(Required action)
Reproduce the records below exactly from their first line through the line containing "iTero product poster", omitting all pictures.

*** Data for the task

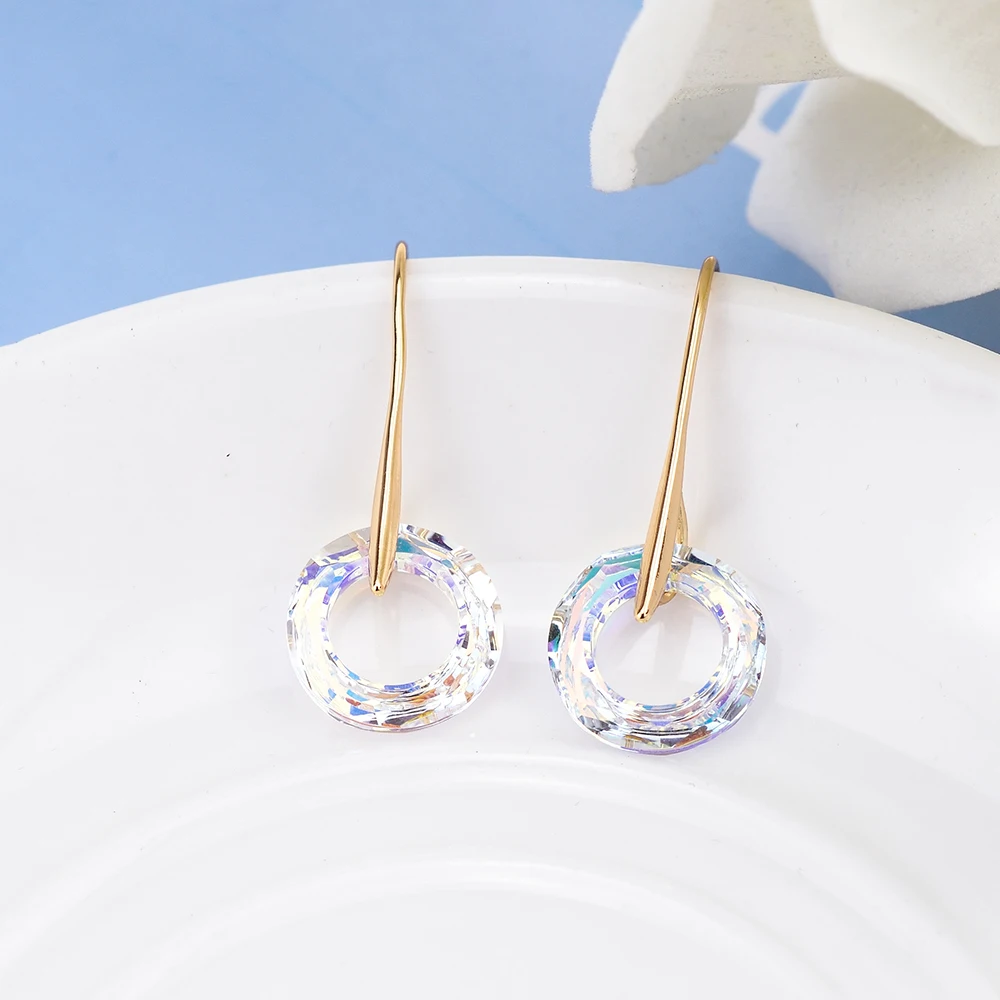 BAFFIN Fancy Stone Circle Drop Earrings Crystals From Austria For Women Gold Color Bohemian Dangle Earrings Indian Jewelry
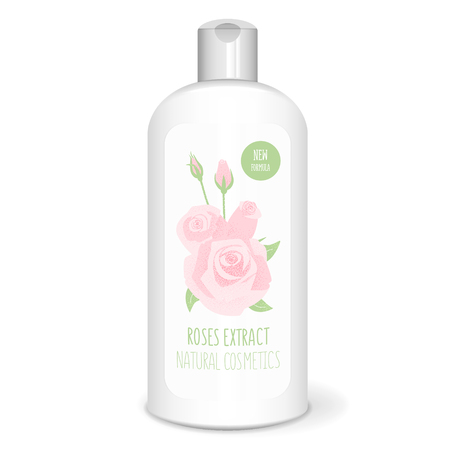 Shampoo bottle with roses, white mockup, 3D design conceptのイラスト素材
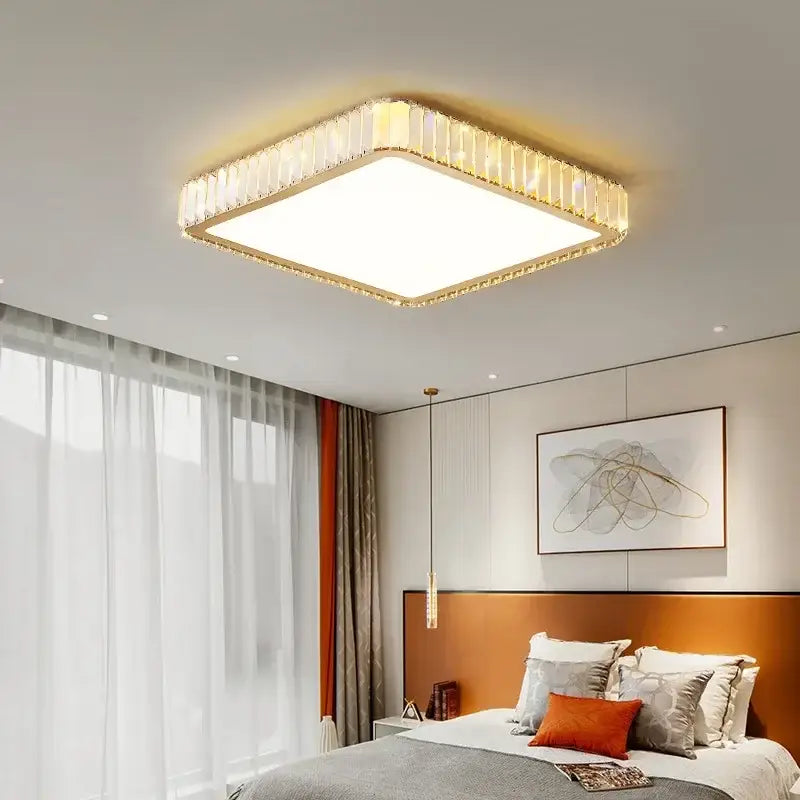 Gold Crystal Moon Ceiling Light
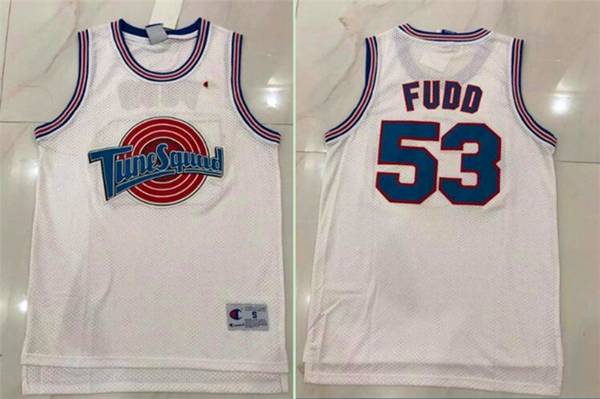 Movie Space Jam FUDD #53 White Basketball Jersey (Stitched)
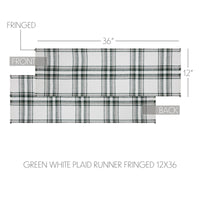 Harper Plaid Green White Runner Fringed 12x36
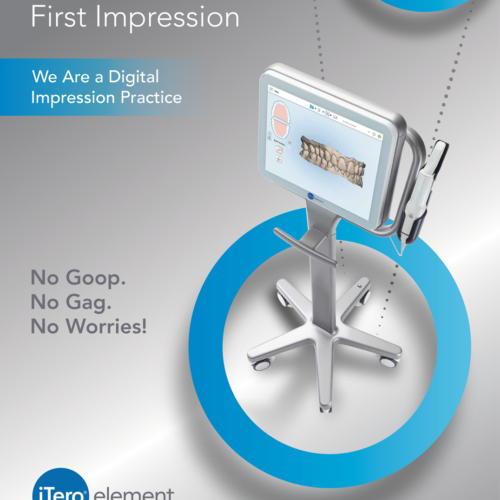 iTero product poster showing dental monitor on a stand
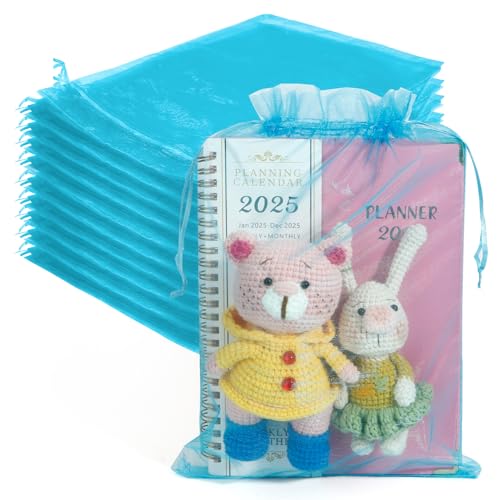 Organza Bags,100 PCS Lake Blue Sheer Mesh Bags Drawstring 8x12 Inch, Large Wedding Gift Party Favor Bag, Mesh Gift Candy Goodie Jewelry Fruit Protection Bag for Bathroom Soaps Christmas Birthday - color: lake blue-100pcs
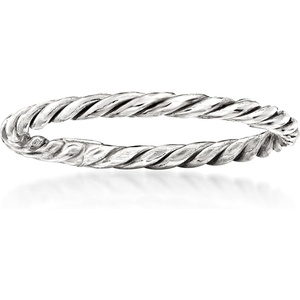 image:imageRossSimons 18kt White Gold Roped RingNo Gemstone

******

(Reply)
 BAFFIN Fancy Stone Circle Drop Earrings Crystals From Austria For Women Gold Color Bohemian Dangle Earrings Indian Jewelry
 Shampoo bottle with roses, white mockup, 3D design conceptのイラスト素材
 Gold Crystal Moon Ceiling Light
 Movie Space Jam FUDD #53 White Basketball Jersey (Stitched)
 Harper Plaid Green White Runner Fringed 12x36
 iTero product poster showing dental monitor on a stand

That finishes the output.